Need longer probes for your ET-732?

In-Stock - 6' Food and Smoker Probes for the Maverick ET-732

$16.49 ea.

2 for $30

http://www.amazenproducts.com/ProductDetails.asp?ProductCode=MAVET-732PROBES


----------



## pops6927 (Nov 27, 2011)

Wow....  you may not even need the remote receiving unit.. just feed them through a window, lol!   That is fantastic that you can even get those,  no more getting the unit too close to the smoker!


----------



## scooper (Nov 27, 2011)

My Q Probe shorted out, and Maverick sent me a warranty replacement, and it is 6'.  I love it, except now I need the 6' meat probe, so I will definitely be ordering one or two.


----------



## SmokinAl (Nov 27, 2011)

Yea, big difference with the longer probe wires.
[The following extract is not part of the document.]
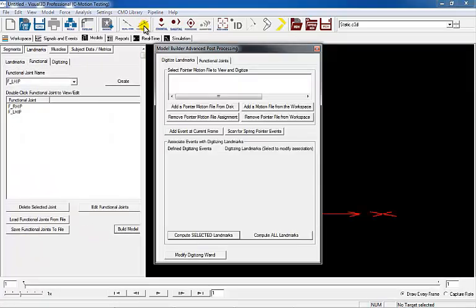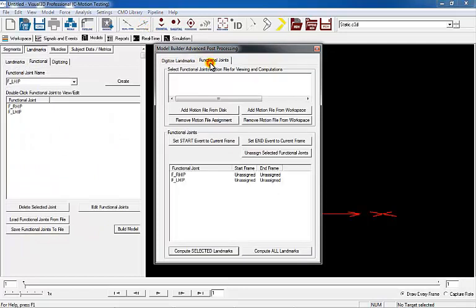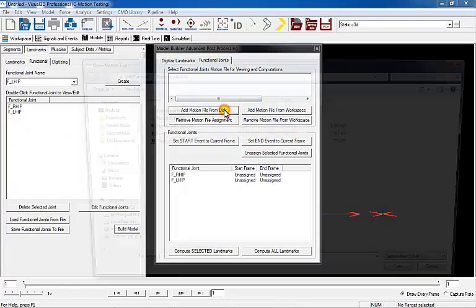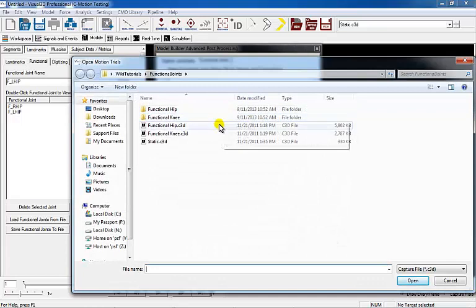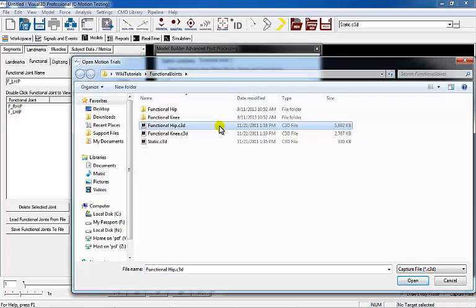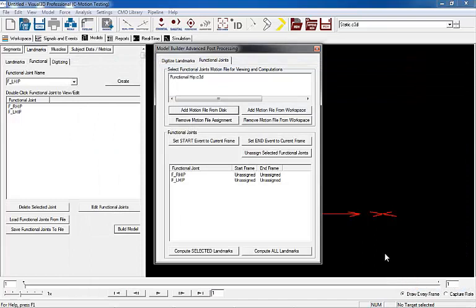Select the Post Processing button from the menu and the Model Builder Advanced Post Processing pop-up dialog will appear. Select the Functional Joints tab and press Add Motion File from Diff. Select the Functional Hip Motion file.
I have 10 footers for my BBQ Guru.


----------



## scooper (Nov 27, 2011)

Nice!


----------



## scooper (Nov 29, 2011)

Does anyone know if the ET-73 replacement probes will work in the ET-732?

I can't find the probes for the 732 on Maverick's site.


----------



## tjohnson (Nov 29, 2011)

No, they're not interchangeable

Do you need ET-73 Probes?

I have some on hand

Todd


----------



## scooper (Nov 29, 2011)

No, I want a 6' meat probe for the ET-732.

will you be getting them in stock soon?


----------



## tjohnson (Nov 29, 2011)

got them for both the 732 and the 73

Todd


----------



## scooper (Nov 29, 2011)

Nice!  How do I order, cuz your website says out of stock.


----------